Like many U.N. resolutions, 1701 has been thoroughly ineffective. Hezbollah is 10 times as strong now as it was in 2006, and its military infrastructure permeates Lebanon. Yet Unifil claims ignorance of the terror organization’s arms buildup. Unifil’s March 2017 report reaches new heights of absurdity, even for a U.N. organization: “To date, Unifil has neither been provided with, nor found, evidence of an unauthorized transfer of arms into its area of operations.”

Hezbollah must not be allowed to impose war on the region and tragedy on Lebanon while the Iranian regime rubs its hands. What can Mr. Trump do?

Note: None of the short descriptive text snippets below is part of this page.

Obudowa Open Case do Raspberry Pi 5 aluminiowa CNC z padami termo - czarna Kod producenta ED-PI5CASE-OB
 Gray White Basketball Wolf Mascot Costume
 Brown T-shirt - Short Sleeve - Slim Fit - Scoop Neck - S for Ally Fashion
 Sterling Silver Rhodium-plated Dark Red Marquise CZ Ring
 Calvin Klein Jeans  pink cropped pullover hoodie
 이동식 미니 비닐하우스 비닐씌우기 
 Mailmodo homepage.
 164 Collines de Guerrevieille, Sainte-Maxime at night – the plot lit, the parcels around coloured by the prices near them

The U.S. should seek a U.N. Security Council resolution amending 1701 and providing Unifil with explicit powers to disarm Hezbollah and demilitarize South Lebanon under Chapter 7 of the U.N. charter, the section that deals with peace enforcement. Currently Unifil derives its legal mandate from Chapter 6, which deals with peacekeeping. Peacekeeping helps local restaurants stay in business but does little to enforce peace.

As usual, the tab for U.N. failure in Lebanon is being paid by American taxpayers. The U.S. picks up 43% of Unifil’s $488 million annual budget. Congress should make that funding conditional on performance.

Now is the time to update Resolution 1701. War between Lebanon and Israel would be detrimental to Russian interests in Syria, so Vladimir Putin could be convinced to help rein in Hezbollah. For the Arab states, led by Saudi Arabia and Egypt, containing Hezbollah and Iran is a priority. Western Europe should be eager to avoid a war that would worsen its refugee crisis. Meanwhile, finding common ground over Lebanon and Syria could strengthen cooperation between Israel and the Sunni Arab states searching for a lasting solution to the Israeli-Palestinian problem.

President Trump and Secretary of State Rex Tillerson have a historic opportunity to do the right thing, at the right time, in the right place: to show that U.S. diplomatic intervention today can prevent the need to make terrible decisions about U.S. military intervention tomorrow.